## Problem
Your reply must contain the full listing below, reproduced exactly, but no pictures.

(Records for the task)

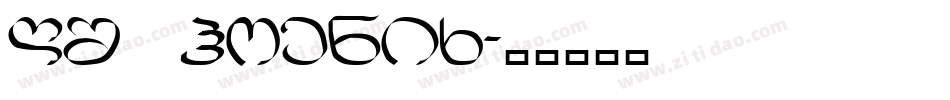 RSPhoenix字体转换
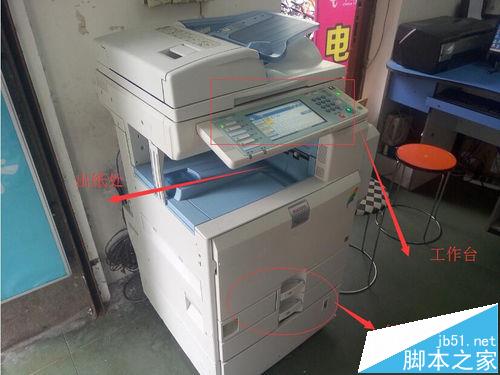 复印机怎么使用? 复印机复印东西的详细教程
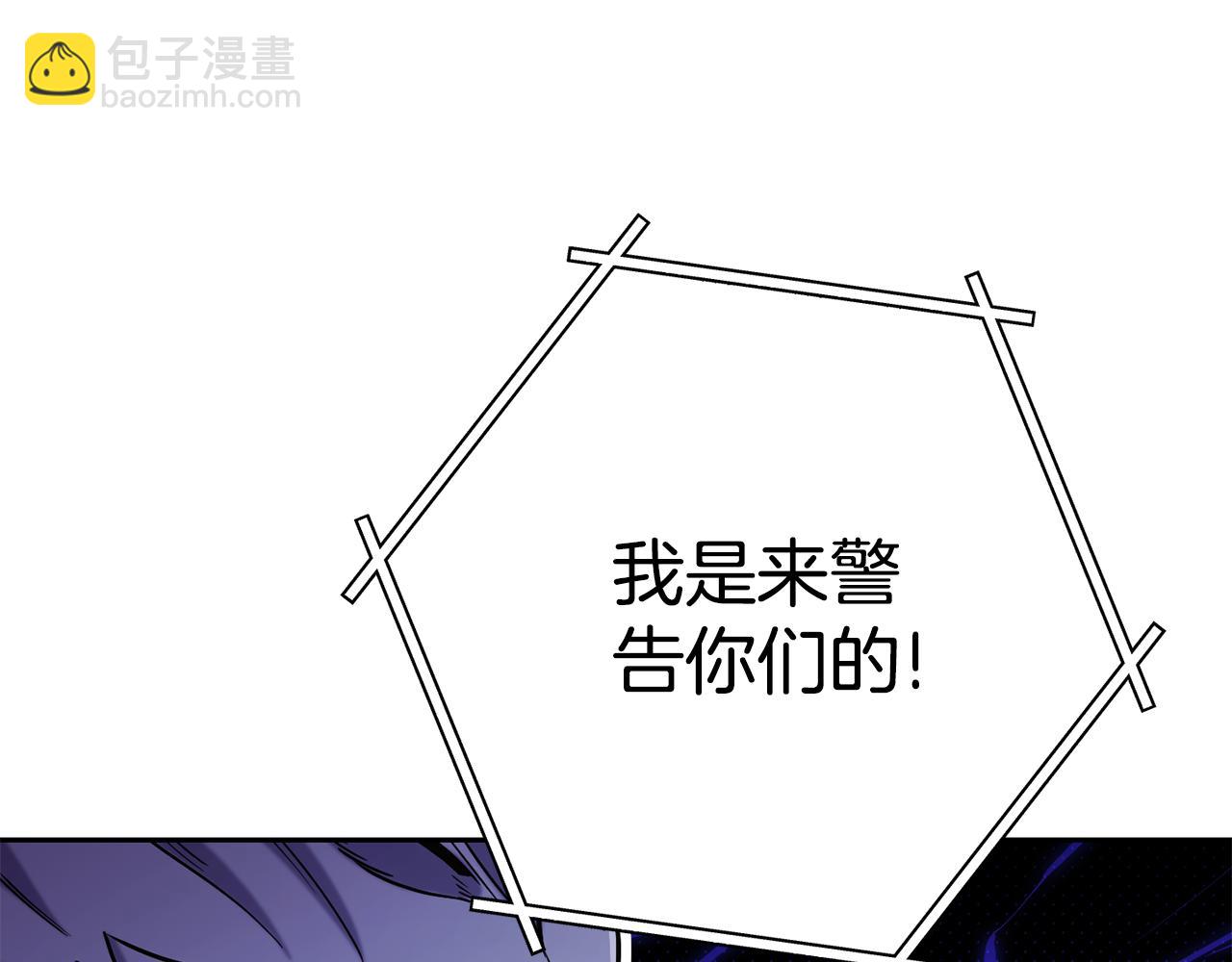 第215话 砍掉世界树224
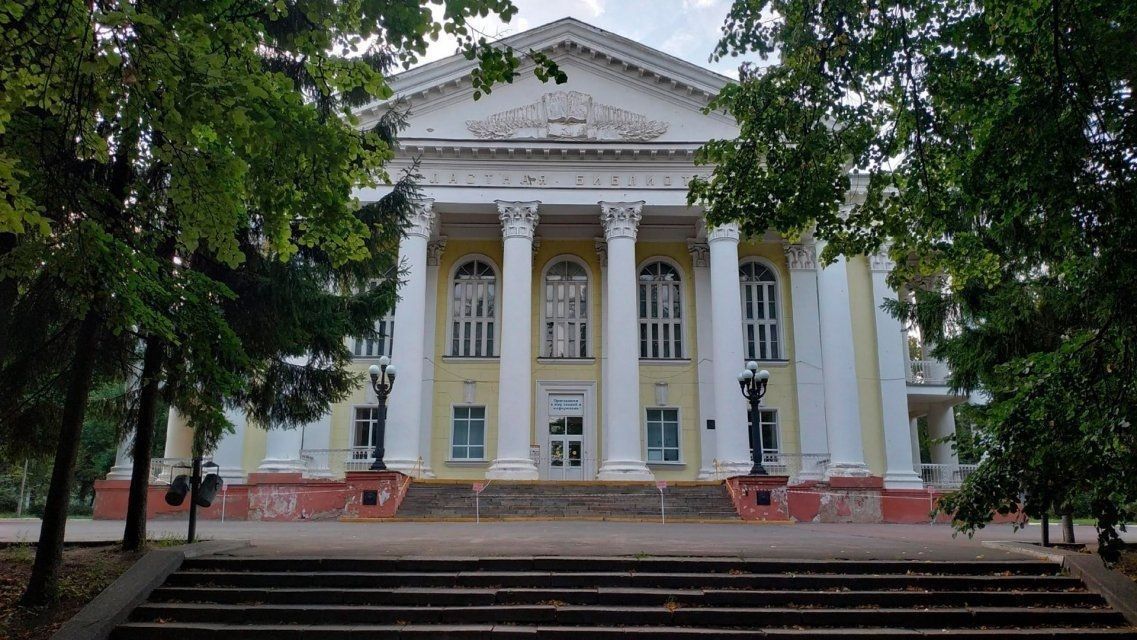 «Небо этого дня ясное…»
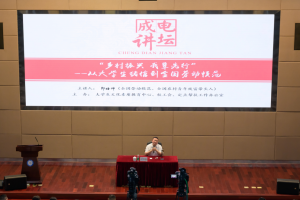 【成电讲坛】全国劳动模范、全国农村青年致富带头人郑培坤：乡村振兴，我辈先行！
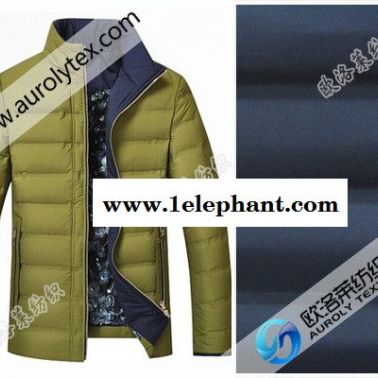 專業生產男女裝超輕薄秋羽絨服無膽布防絨無縫復合壓條面料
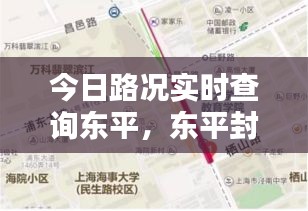 今日路况实时查询东平，东平封路公告 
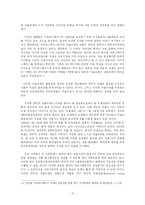 [전자거래법] 사이버스페이스에서의 음란물의 규제와 그 문제점-12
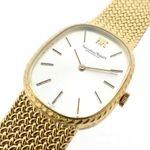 IWC Vintage Unknown (Unknown (random serial)) - White dial 28 mm Yellow Gold case (5/8)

(End Records for the task)

## Answer to this problem
 RSPhoenix字体转换
 复印机怎么使用? 复印机复印东西的详细教程
 第215话 砍掉世界树224
 «Небо этого дня ясное…»
 【成电讲坛】全国劳动模范、全国农村青年致富带头人郑培坤：乡村振兴，我辈先行！
 專業生產男女裝超輕薄秋羽絨服無膽布防絨無縫復合壓條面料
 今日路况实时查询东平，东平封路公告 
 [전자거래법] 사이버스페이스에서의 음란물의 규제와 그 문제점-12
 IWC Vintage Unknown (Unknown (random serial)) - White dial 28 mm Yellow Gold case (5/8)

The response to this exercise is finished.